A third view was championed by a square named Van Cube. He taught that the Drawing was a true 2D revelation of the 3D Cube, and that the Cube was both truly knowable and truly incomprehensible to the 2D mind. On the one hand, the 2D rationalists charged that Van Cube's teaching was really a form of neo-geometry that denied the possibility of true revelation. On the other hand, the followers of neo-geometry charged that Van Cube was really a 2D rationalist who put the Cube in a 2D box. Of course, the critics on both sides of Van Cube misrepresented his teaching, and the controversy continued through the years.


FOOTNOTES

1taken from the INFOsearch illustration collection, P.O. Box 11749, Arlington, TX 76003, 817-468-0074.
2taken from the INFOsearch illustration collection.
3Hebrews 8:5 refers to an earthly copy of a heavenly realty as a shadow; a shadow is a two-dimensional representation of the three dimensional.
4"For, of those things which it is neither given nor lawful to know, ignorance is learned; the craving to know, a kind of madness." John Calvin; Ford Lewis Battles, Translator, Institutes of the Christian Religion, (Philadelphia: The Westminster Press, 1977), 957 (III.XXIII.8.).
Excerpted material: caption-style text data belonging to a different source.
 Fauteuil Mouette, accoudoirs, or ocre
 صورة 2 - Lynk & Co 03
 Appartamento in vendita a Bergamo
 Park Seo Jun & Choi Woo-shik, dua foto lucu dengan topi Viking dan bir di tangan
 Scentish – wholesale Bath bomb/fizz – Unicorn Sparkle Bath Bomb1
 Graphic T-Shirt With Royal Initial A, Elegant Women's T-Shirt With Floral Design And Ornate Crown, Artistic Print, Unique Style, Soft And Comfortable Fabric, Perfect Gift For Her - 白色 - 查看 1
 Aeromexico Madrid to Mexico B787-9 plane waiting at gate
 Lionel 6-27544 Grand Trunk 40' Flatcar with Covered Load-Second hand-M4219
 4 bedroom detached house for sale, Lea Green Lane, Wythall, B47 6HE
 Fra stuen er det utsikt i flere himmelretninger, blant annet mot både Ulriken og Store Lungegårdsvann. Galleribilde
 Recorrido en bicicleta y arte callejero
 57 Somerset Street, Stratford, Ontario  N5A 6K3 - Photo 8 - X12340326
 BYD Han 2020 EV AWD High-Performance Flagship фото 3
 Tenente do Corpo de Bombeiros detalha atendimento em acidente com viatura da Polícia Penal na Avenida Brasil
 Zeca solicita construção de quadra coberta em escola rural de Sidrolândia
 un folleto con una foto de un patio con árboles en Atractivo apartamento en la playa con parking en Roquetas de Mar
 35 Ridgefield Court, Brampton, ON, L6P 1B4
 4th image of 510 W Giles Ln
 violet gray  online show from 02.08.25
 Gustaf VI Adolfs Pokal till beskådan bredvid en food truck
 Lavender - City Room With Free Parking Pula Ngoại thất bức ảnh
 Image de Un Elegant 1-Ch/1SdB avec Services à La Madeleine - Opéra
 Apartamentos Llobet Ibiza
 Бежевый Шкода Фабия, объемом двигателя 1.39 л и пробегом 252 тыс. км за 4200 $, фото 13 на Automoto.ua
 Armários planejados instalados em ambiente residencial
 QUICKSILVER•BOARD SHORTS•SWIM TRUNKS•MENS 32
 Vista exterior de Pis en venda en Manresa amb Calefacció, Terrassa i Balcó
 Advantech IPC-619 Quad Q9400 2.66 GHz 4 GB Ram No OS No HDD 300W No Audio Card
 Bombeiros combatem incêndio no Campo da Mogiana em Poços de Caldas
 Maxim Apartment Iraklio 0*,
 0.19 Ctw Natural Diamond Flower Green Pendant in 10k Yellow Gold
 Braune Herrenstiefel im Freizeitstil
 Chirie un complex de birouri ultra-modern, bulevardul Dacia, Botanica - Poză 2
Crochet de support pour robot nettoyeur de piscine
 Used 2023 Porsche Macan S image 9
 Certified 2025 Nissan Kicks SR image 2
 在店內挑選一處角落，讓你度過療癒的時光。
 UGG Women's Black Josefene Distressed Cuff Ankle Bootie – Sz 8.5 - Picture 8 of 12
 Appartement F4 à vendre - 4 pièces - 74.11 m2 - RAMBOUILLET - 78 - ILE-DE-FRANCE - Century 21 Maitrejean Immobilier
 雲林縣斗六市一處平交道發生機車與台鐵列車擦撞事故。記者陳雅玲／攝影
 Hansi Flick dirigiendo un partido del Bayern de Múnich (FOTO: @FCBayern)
"And let us not be ashamed to be ignorant of something in this matter, wherein there is a certain learned ignorance. Rather, let us willingly refrain from inquiring into a kind of knowledge, the ardent desire for which is both foolish and dangerous, nay, even deadly." Ibid., 923 (III.XXI.2.)

"Let us, I say, permit the Christian man to open his mind and ears to every utterance of God directed to him, provided it be with such restraint that when the Lord closes his holy lips, he also shall at once close the way to inquiry. The best limit of sobriety for us will be not only to follow God's lead always in learning but, when he sets an end to teaching, to stop trying to be wise." Ibid., 924 (III.XXI.3.)
5C.H. Spurgeon, Flowers from a Puritan's Garden (Harrisonburg, Virginia: Sprinkle Publications, 1976), 42.
6Carl F.H. Henry, God, Revelation and Authority; Volume I: God Who Speaks and Shows: Preliminary Considerations (Waco, Texas: Word Book, Publisher, 1976), 182.
7Carl F.H. Henry, God, Revelation and Authority; Volume I: God Who Speaks and Shows: Preliminary Considerations, 183.
8Greg L. Bahnsen, Always Ready (Atlanta, Georgia: American Vision and Texarkana, Arkansas: Covenant Media Foundation, 1996), 88.
9Carl F.H. Henry, God, Revelation and Authority; Volume I: God Who Speaks and Shows: Preliminary Considerations, 183-184.